Second Report Draft


Nowadays, consumers demand more on playing computer games. So the focus of our Final Year Project “Tele-Table Project” is to provide a multi-purpose interactive platform with using real objects and connecting the players over Internet. To improve the current game styles and to create new generation of games, the project applies Augmented Reality.

In this semester, we would like to solve the problem of random shuffle of tiles. The tiles in the games are real objects and the images shown on the tiles are virtual images. This reflects the Augmented Reality technology.

In this report, we would discuss the detailed motivation and objective of our project. Also, it goes through our design of architecture of Tele-Table. Furthermore, the implementation and difficulties encountered would also be discussed.



Real games provide instant excitement and Virtual Computer games provide entertainment. To combine both, we use Augmented Reality. Using Augmented Reality, the current game platform can be improved to a new one.

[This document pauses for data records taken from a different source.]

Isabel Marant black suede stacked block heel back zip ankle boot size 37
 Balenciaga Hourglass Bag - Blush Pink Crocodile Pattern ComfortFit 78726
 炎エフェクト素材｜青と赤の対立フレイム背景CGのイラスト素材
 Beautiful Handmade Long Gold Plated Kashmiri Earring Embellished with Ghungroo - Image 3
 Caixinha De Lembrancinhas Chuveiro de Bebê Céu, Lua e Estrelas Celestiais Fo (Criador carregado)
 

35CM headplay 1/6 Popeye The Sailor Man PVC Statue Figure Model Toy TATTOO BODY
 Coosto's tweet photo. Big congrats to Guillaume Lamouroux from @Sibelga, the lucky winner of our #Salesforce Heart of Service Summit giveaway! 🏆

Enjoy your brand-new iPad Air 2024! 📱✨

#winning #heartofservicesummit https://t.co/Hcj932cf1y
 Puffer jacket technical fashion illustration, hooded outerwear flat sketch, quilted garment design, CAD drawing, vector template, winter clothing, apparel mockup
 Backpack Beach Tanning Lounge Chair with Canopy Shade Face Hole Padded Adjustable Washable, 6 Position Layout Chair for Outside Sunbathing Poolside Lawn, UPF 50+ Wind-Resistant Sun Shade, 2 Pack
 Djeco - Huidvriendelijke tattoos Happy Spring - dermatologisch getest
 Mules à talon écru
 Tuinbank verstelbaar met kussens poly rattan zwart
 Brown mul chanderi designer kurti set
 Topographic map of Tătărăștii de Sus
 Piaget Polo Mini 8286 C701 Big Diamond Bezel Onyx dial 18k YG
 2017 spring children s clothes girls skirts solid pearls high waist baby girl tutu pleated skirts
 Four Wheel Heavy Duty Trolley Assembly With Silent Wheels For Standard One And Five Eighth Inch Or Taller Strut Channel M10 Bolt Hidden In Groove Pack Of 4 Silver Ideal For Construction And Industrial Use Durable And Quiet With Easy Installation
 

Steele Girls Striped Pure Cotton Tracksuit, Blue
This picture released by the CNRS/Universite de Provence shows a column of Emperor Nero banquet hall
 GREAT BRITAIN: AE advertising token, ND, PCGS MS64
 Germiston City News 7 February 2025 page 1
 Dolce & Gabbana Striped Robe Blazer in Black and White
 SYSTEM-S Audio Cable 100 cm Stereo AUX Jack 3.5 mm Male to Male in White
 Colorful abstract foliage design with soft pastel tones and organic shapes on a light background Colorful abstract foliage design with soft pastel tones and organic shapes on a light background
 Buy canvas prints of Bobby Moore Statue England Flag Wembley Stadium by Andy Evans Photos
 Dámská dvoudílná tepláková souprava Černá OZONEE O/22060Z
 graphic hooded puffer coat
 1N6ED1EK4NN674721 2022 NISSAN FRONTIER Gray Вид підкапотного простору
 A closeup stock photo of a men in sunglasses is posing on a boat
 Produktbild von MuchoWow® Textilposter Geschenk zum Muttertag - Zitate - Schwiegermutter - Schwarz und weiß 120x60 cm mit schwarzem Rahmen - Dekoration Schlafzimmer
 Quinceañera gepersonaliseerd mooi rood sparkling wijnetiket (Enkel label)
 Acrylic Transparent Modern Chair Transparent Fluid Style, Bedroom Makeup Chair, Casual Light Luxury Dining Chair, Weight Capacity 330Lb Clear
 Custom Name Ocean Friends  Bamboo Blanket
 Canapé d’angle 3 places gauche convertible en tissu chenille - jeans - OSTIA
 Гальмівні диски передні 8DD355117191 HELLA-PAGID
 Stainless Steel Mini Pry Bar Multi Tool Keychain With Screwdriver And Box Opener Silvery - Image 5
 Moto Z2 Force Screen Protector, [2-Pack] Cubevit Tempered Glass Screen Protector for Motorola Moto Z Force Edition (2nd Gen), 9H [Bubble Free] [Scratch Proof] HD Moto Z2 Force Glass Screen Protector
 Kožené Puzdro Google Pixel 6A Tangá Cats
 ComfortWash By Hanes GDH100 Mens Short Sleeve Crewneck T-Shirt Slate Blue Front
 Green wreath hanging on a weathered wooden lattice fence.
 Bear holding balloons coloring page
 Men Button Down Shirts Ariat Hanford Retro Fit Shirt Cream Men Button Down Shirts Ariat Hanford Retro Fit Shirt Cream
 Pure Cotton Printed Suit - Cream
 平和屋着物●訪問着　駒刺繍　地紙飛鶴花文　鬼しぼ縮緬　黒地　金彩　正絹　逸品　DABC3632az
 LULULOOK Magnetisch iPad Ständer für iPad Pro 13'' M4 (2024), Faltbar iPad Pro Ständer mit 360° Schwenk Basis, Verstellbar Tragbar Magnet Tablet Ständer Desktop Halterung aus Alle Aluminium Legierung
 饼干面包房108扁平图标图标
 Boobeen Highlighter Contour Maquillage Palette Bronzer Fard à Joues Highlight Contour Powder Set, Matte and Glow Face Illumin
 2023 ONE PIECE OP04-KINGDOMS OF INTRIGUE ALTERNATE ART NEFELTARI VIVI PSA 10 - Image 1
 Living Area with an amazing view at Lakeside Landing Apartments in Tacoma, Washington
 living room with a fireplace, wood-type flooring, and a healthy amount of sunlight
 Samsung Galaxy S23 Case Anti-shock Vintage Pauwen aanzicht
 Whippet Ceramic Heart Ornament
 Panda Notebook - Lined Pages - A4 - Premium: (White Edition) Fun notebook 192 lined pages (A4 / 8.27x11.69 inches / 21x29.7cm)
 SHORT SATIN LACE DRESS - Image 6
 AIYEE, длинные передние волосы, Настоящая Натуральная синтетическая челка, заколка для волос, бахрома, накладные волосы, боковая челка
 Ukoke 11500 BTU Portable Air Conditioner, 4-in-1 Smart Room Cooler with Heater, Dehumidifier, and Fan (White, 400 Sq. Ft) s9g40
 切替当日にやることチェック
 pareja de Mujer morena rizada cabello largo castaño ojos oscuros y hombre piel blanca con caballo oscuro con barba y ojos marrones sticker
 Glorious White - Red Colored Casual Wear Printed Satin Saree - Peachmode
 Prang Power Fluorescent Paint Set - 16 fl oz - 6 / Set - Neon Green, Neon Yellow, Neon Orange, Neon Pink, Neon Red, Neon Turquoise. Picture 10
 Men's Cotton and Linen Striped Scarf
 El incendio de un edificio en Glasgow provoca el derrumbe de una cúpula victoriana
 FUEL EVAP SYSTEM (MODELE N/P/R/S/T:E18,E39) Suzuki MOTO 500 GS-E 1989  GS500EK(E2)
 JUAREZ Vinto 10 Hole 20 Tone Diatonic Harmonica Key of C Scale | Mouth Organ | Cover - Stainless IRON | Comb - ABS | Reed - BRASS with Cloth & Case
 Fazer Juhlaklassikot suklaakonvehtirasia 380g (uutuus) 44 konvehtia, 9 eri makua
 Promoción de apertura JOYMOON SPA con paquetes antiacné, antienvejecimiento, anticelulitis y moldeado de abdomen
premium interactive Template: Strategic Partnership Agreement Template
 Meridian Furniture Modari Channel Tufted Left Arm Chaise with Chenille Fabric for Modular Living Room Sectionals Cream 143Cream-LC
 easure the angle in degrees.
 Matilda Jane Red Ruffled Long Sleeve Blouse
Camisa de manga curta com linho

According to the source from NPD Group / Point-of-Sale Information, the U.S. Computer and Video Game Unit Sales Growth and Dollar Sales Growth has been raised 3 times from 1996 to 2006. From this we can forecast that the future market growth of Computer and Video Game will increase gradually.

An investigation on current popular game platforms is done and two main characteristics have been found. They are the networks using in the game and the real objects or virtual images used. Throughout the investigation, there is no game platform using both real objects and virtual images when playing games and connecting the players with networks. This system can provide a real game experience and interaction to the players. As there is still no such game platform in the market, developing this platform can increase the market share so as to gain the competiveness in the game industry.

To use Augmented Reality to develop the Tele-Table, Tele-Table is developed using Augmented Reality. The players use Tele-Table to play games interactively and remotely by internet.


The project aims at providing a generic platform so that the game developers can use the Tele-Table to develop board games, card games and other interactive games.

The designed game platform should achieve the following targets:

1. The change of background is flexible and free so as to develop any games.

2. Real objects can be used to play games interactively with the player on the other side.

3. The connection between two players over internet should be fast so as to provide a realer experience.

4. Applications besides game development should also be discovered.

In this semester, our group would like to solve the problem of playing games with random shuffle of real objects with Tele-Table. This is to achieve Target 2.



Augmented reality (AR) is a subset of Mixed Reality, which deals with combination of real world and computer generated data. The Virtuality Continuum, which was first introduced by Paul Milgram, represents a continuous scale ranging between the completely virtual, a Virtual Reality and completely real.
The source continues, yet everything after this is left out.